The persistence is a key component of a successful platform, it is needed to store all the relevant information data, making them accessible for the outside when it is required.
- HDFS: the Hadoop Distributed File System (HDFS) is a distributed file system designed to run on commodity hardware. It has many similarities with existing distributed file systems. However, the differences from other distributed file systems are significant. HDFS is highly fault-tolerant and is designed to be deployed on low-cost hardware. HDFS provides high throughput access to application data and is suitable for applications that have large data sets.
- Postgres: is a powerful, open-source object-relational database system. It has like main features the transactions with Atomicity, Consistency, Isolation, Durability (ACID) properties, automatically updatable views, materialized views, triggers, foreign keys, and stored procedures.
- MongoDB: is a distributed database, document-based, generic purpose for modern application and cloud. It stores documents in JSON format, supports matrix and nested objects, an advanced query language allows the user to filter data using whatever key in JSON document, having at the same time all the advantages of a relation DB like ACID transactions, the use of join in the queries and so on.
In the security block are defined the components for the authorization and authentication of users and systems. They also integrate modules for data protection and privacy.
- KeyRock: is a FIWARE component for Identity Management. Using Keyrock (in conjunction with other security components such as PEP Proxy and Authzforce) it is added OAuth2-based authentication and authorization security to services and applications.
- Wilma: in combination with Identity Management and Authorization PDP GEs, adds authentication and authorization security to backend applications. Thus, only FIWARE users will be able to access Generic Enablers and other REST services. The PEP Proxy allows for programmatically managing specific permissions and policies to resources allowing different access levels to users.
- AuthZForce: is the reference implementation of the Authorization PDP Generic Enabler. Indeed, as mandated by the GE specification, this implementation provides an API to get authorization decisions based on authorization policies, and authorization requests from PEPs.

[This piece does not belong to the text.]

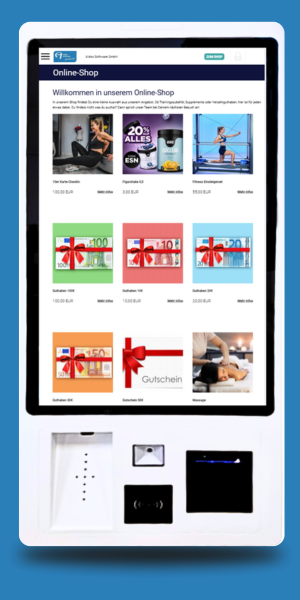 Mock-Up Self-Service-Stele mit Startbild online-Shop Aidoo Software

The API follows the REST architecture style and complies with XACML v3.0.
The Data Sovereignty block contains the components of the IDS ecosystem able to exchange data in a secure way guaranteeing the technological usage control and the implementation of the data sovereignty principles.
- TRUE Connector: is one of the available open-source connectors based on IDS standards, it is a technical component to standardize data exchange between participants in the data space.
- ENG Clearing House: is an intermediary that provides clearing and settlement services for all financial and data exchange transactions.
- IDS Services: describe complementary services for deploying an IDS ecosystem. An example is the IDS Metadata Broker, an intermediary that stores and manages information about the data sources available in the data space or the IDS Identity Provider that offers a service to create, maintain, manage, monitor, and validate identity information of and for participants in the data space.